XplainAct: Visualization for Personalized Intervention Insights
Yanming Zhang, Krishnakumar Hegde, Klaus Mueller

TL;DR
XplainAct is a visual analytics framework that enables personalized causal intervention analysis at the individual level within subpopulations, addressing heterogeneity in complex systems.
Contribution
It introduces a novel visualization tool for simulating and explaining individual-level interventions, filling a gap in existing population-focused causal methods.
Findings
Effective in epidemiology case study on opioid deaths
Useful for analyzing voting inclinations in elections
Enhances understanding of heterogeneous intervention effects
Abstract
Causality helps people reason about and understand complex systems, particularly through what-if analyses that explore how interventions might alter outcomes.
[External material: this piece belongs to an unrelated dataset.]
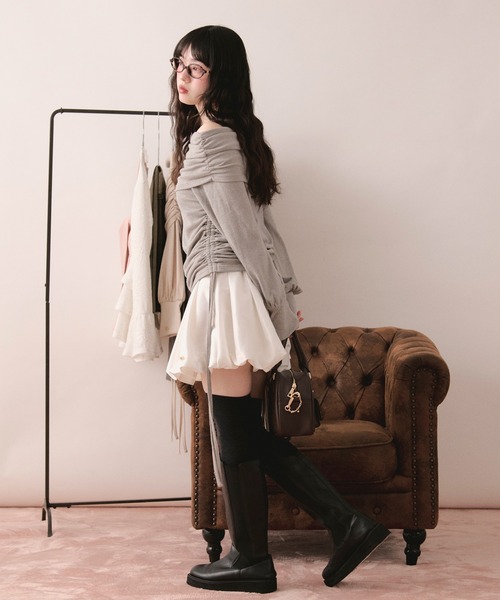 loin nuit（ロワンニュイ）の「balloon mini skirt / バルーンミニスカート（スカート・レディース・ピンク/ホワイト・FREE）」の11枚目の写真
Although existing methods embrace causal reasoning using interventions and counterfactual analysis, they primarily focus on effects at the population level. These approaches often fall short in systems characterized by significant heterogeneity, where the impact of an intervention can vary widely across subgroups. To address this challenge, we present XplainAct, a visual analytics framework that supports simulating, explaining, and reasoning interventions at the individual level within subpopulations. We demonstrate the effectiveness of XplainAct through two case studies: investigating opioid-related deaths in epidemiology and analyzing voting inclinations in the presidential election.